A Parallel World

Friday, 11 May 2018

Exploring NewMA!

Hola amigos :) I admit it has been quite a while since my last post. Thanks to bunch of mundane chores that kept me occupied, I never realised how it got so late, so soon. Yes, that was a Dr. Seuss quote to get the mood going. Anyways, welcome to my next adventure in the parallel world that further explores our NUMA architecture, who got introduced to us in my previous post.

So here is the precept - we have the chummy, supersonic local memory in contrast to the surly, slothful remote memory; followed by the important question that is probably in your head - What is the big deal?

Imagine you waiter at a pizzeria and I told you that cheesy pizzas are actually being prepared in the kitchen of the building next door (remote memory), rather than your own (local memory). The delay in delivering cheesy pizzas (memory accesses) to the hungry customers will adversely affect the business of the pizzeria.

Likewise, it is the application running on top of NUMA that will be afflicted by remote memory access latency. All said and done, we don't want our beloved applications be to be unhappy at the end of the day (a.k.a "the big deal").

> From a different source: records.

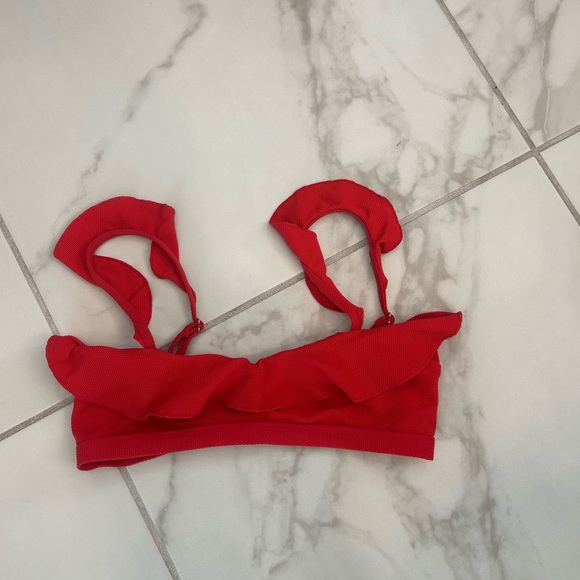 SUBOO Red Ruffle Bikini Top - Picture 1 of 3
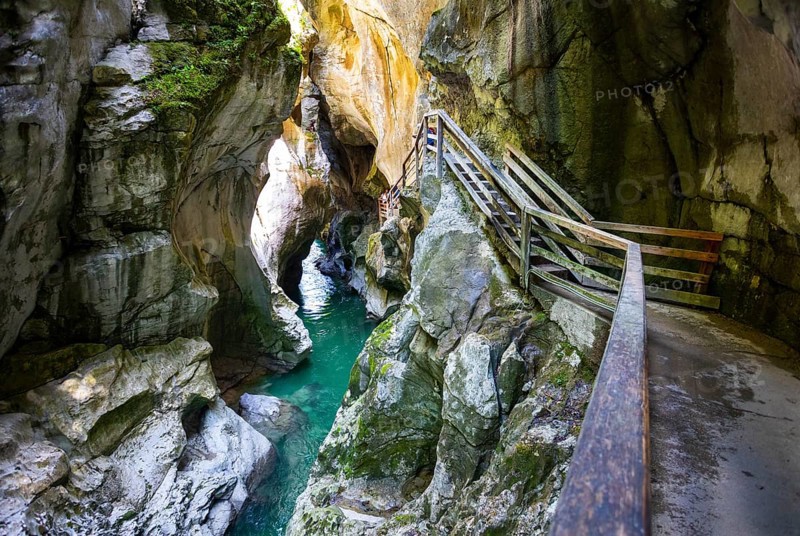Climbing facility in the dark gorge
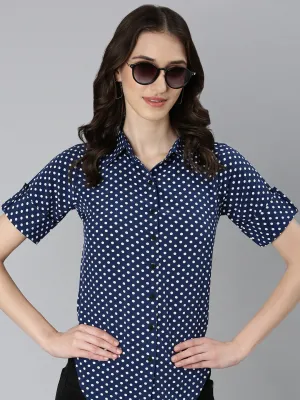 Women Navy Blue Polka Dots Shirt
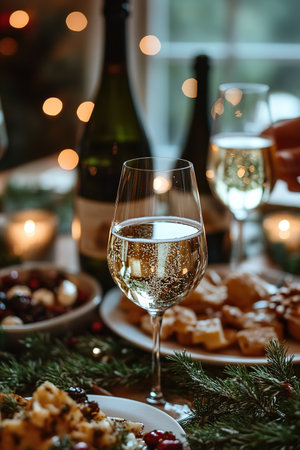 Flute glasses with bubbly wine at sparkling bokeh yellowish golden sequin garlands blaze. Bright falling gold glitter ribbons backdrop glittering twinkle decoration for celebrating luxury party.の素材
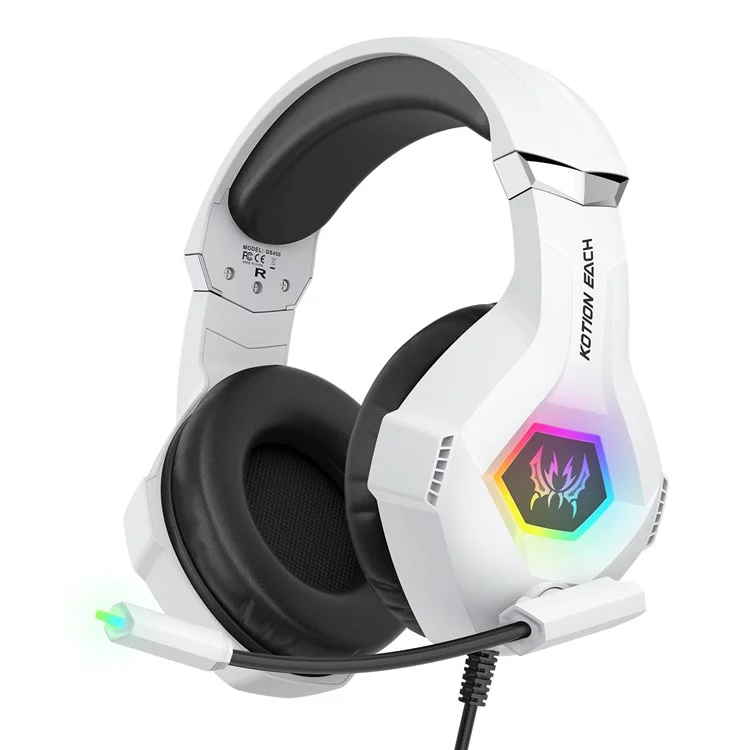 KOTION EACH GS450 For PS4 / PS5 / PC Gaming Headset RGB Wired Over-Ear Headphone with Adapter Cable - White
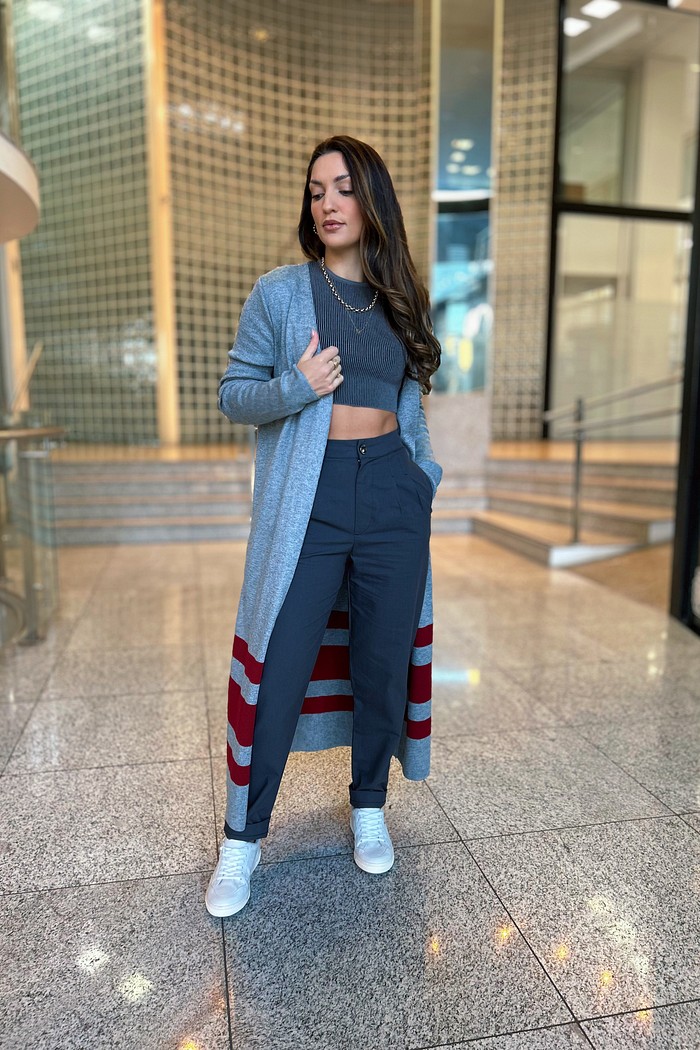 CARDIGAN MARCELA CINZA MESCLA CLARO JOHN JOHN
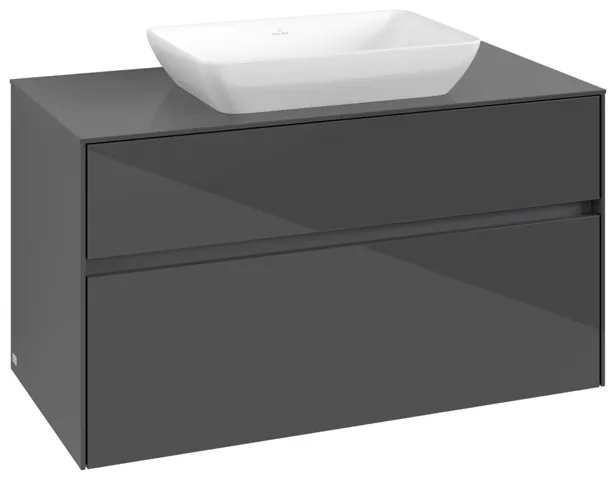 Villeroy & Boch Waschtischunterschrank „Collaro“ 1000 × 548 × 500 mm Glossy Grey, ohne Beleuchtung, für Becken mittig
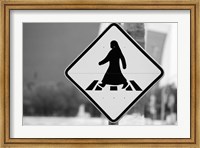 Framed Qatar, Ad Dawhah, Doha. Arabian Pedestrian Crossing Sign / Al-Corniche Street
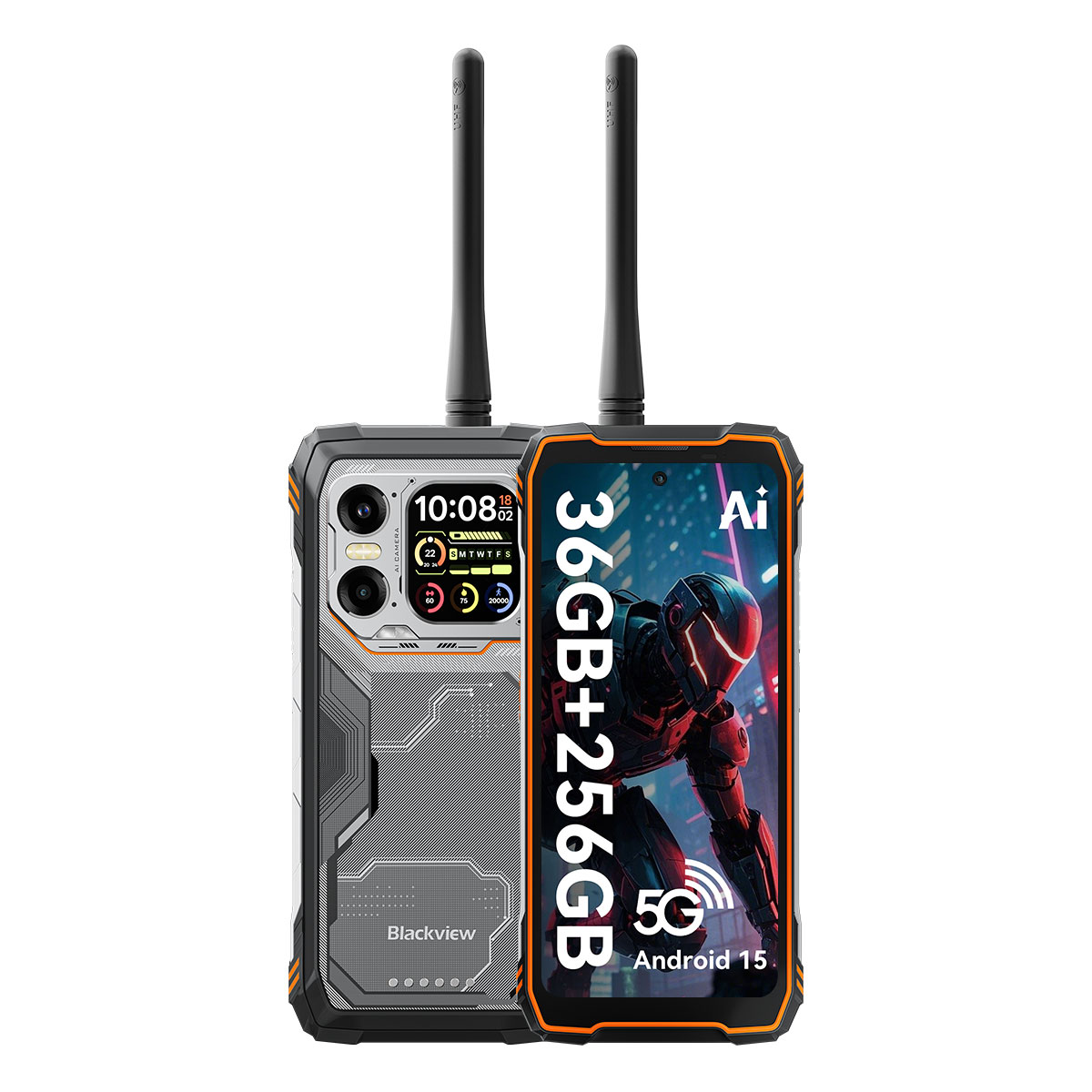Teléfono robusto con dos antenas, 36 GB+256 GB, 5G y Android 15.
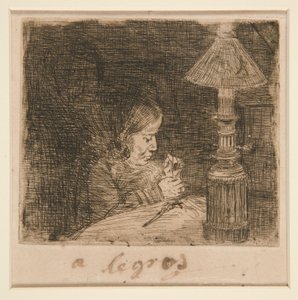 La Couseuse (裁縫の女) 作： Alphonse Legros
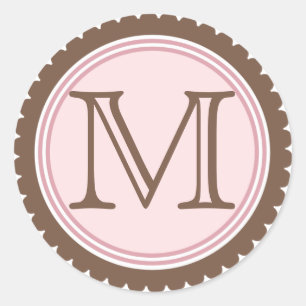 Etiqueta da inicial do monograma do rosa do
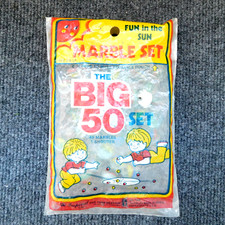 Vintage Marbles in Bag Big 50 Set Including Shooter 1983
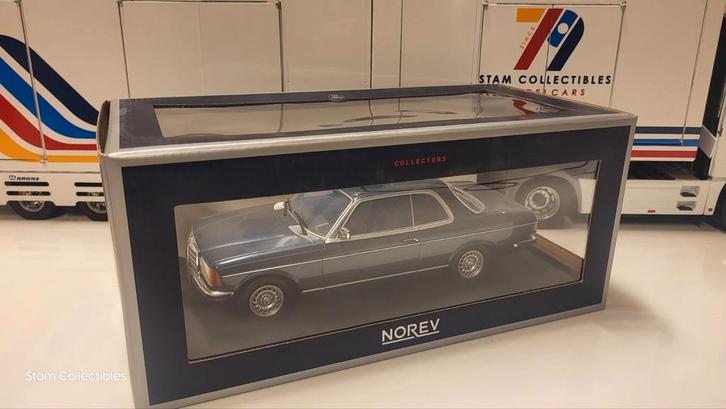Norev Mercedes-Benz W123 C123 280CE Blue Metallic - 1980, Hobby en Vrije tijd, Modelauto's | 1:18, Gebruikt, Auto, Norev, Ophalen of Verzenden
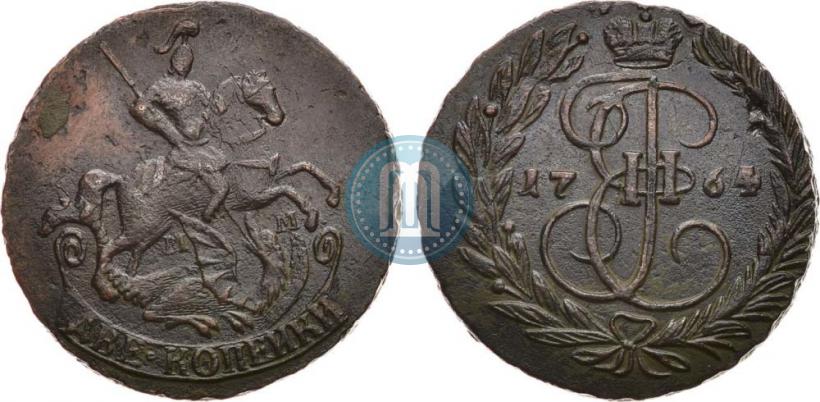 Фото 2 копейки 1764 года ММ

So, we picked this really cool database application called Redis and analysed how performance is impacted when its memory accesses are forced to be from local and remote memories respectively. The results, depicted in the following graphs, were indeed quite astonishing.

CPI is the number of CPU cycles consumed to execute one instruction. Evidently, the lower the CPI, the happier is our application, which is the case when it is primarily accessing the local memory.

So how do we appease our application, flatter it perhaps? Stay tuned while I find a way to the this guy's heart. Meanwhile, happy coding in a parallel world! 😊

Sunday, 4 February 2018

The NewMA architecture

Bonjour! Yes, it has been quite a while again; but now, gear up for a bunch of exciting adventures in the parallel world as I explore a world of processors and memory and how they pull the strings of performance. Consequently, the mundane task of writing hardware-friendly code is entrusted to us, programmers (cause we didn't have enough already!). Yosh, let's get started.

NUMA and cheesy pizzas
I went for dinner with a group of processors, and we decided to order a cheesy pizza. Hungry as we were, we figured that we would spend more time waiting to reach the pizza than eating it (fetching data takes more cycles than processing it). So each of us got a slice of our own (local memory). Now toss around the following ideas from my head.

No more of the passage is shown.